Before we get into the nitty gritty, here’s why the Kånken has been a big deal for a third of a century. As a Swede, I admit I get a pang of pride when I see just how many Fjällräven backpacks have spread all over the world. Here’s a brief history to tie up any loose ends – and hopefully teach you something new!
In 1978, Sweden underwent some pretty drastic changes. Firstly, dads became the target of commercials and legislation: paternity leave was recognized and encouraged. Secondly, Sweden also became the first country to make hitting children a criminal offence. Family was at the epicenter of Swedish life. And that’s where Fjällräven Kånken stepped in.
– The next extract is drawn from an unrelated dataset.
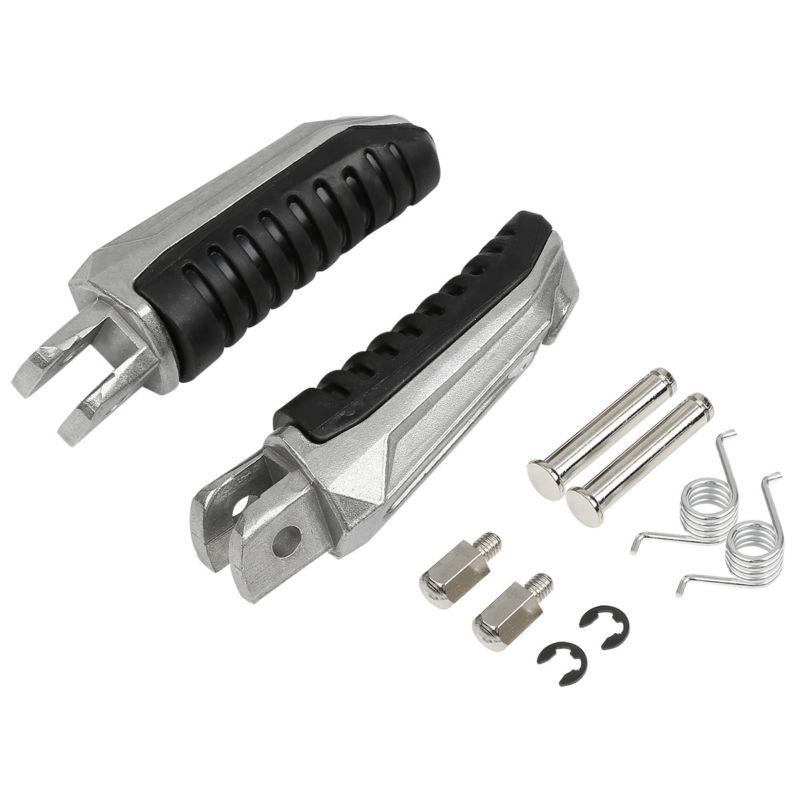 Подходит для SUZUKI 1996 - 2005 BANDIT GSF1200 GSF600 1996 - 2000 Мотоцикл Передние Подножки Педали Подножки GSF 1200 GSF 600 1997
The founder of Fjällräven, a man called Åke Nordin from Örnsköldsvik, had a solution. He created the first recognized ergonomic backpack: the Kånken Classic. Åke had been working hard since 1960 to make hiking and outwear more durable in Sweden’s harsh, wet climate. His focus moved to making school bags more comfortable and practical, and to great success.
That was 42 years ago, and it’s still very much true today. This cult classic remains a favorite with parents, adults, kids and everyone in between.
The Kanken is a piece of art, it’s official.
In 2016 the Swedish Government listed and protected the Kanken on Svensk Form, the Swedish Society of Crafts and Designs.
In fact, Fjällräven is really committed to innovating with new synthetic materials. It’s part of their heritage. “Fjällräven” means “Arctic Fox” in Swedish. Look them up, they’re really cute. Unfortunately, they’re also endangered, which motivates Fjällräven to do better by all animals. You won’t find any unethically-sourced materials in Fjallraven products, and they’ve even supported Arctic Fox preservation projects at Stockholm University.
If there is one thing that those who have owned Fjällräven products will tell you is that they last for a long time and, in particular the backpacks, hold their shape commendably over time.
Stays in shape better than we do. Many bags that share this design droop into a floppy sack when you have little to carry on. At times this can make wearing the backpack uncomfortable, like when your umbrella sticks out in an awkward position. The Kånken, however, has a box like structure. This, along with its stiff material, helps it maintain a shape that’s actually presentable.
The use of Vinylon F makes the Kanken amazingly light, much more so than most other backpacks giving you an advantage before you fill it up.
Its zippers run down to the base, and begins at the edge as opposed to the centre. When fully unzipped, the front opens like a flap. Rest the bag horizontally and it resembles luggage! I love how this grants you full, immediate access to the interior of the backpack. Because of this you are more likely to maximize its space.
Vinylon F is made in Japan but the original Vinylon was invented in North Korea. Made from polyvinyl alcohol and using limestone and anthracite as raw materials, it is the fabric of choice in North Korea where it is used for clothing and shoes and pretty much everything else. Though great for bags, it is hard to imagine what trousers made from this fairly stiff material would feel like.
Fjällräven Kankens are brilliantly water-resistant. Vinylon F, the synthetic fabric they are made from, behaves more like a natural fibre and swells as it becomes damp. As it swells, the gaps between the woven fibres close more and thus it becomes more resistant to water penetration. This means there is no coating that needs to be maintained and this property lasts the life of the bag.
6.Internal seating pad
Do not throw away the foam sheet that comes with your Kånken! This is not packaging, as you might mistake it for! This sheet is meant to serve as padding for your back while you wear the bag, and will help your bag maintain its shape. The lesser known use for this is a sitting mat! I hear that this was one of the designer’s intentions but I am not aware how many owners actually do this.
7. Environmentally Friendly
The Kanken is made by Swedish brand Fjällräven, a serious player in the outdoor gear market. Fjällräven means Arctic Fox which is a charismatic little predator on the brink of extinction and the company is involved in many conservation projects to help reverse the decline. They take their green credentials very seriously and whilst their products are not the cheapest, they are made to last and created with as little environmental impact as possible. And on the subject, they have recently launched the Rekanken which uses recycled materials.
It’s a quality product that will last you. It’s my fourth year owning this backpack which has not faltered. Very often, I’ll find reviews that claim the Kånken lasts them a good 10 years. Now, this is awfully rare for something that’s actually aesthetically decent.
Who wouldn’t love a brand that makes a product capable of looking like new for so long?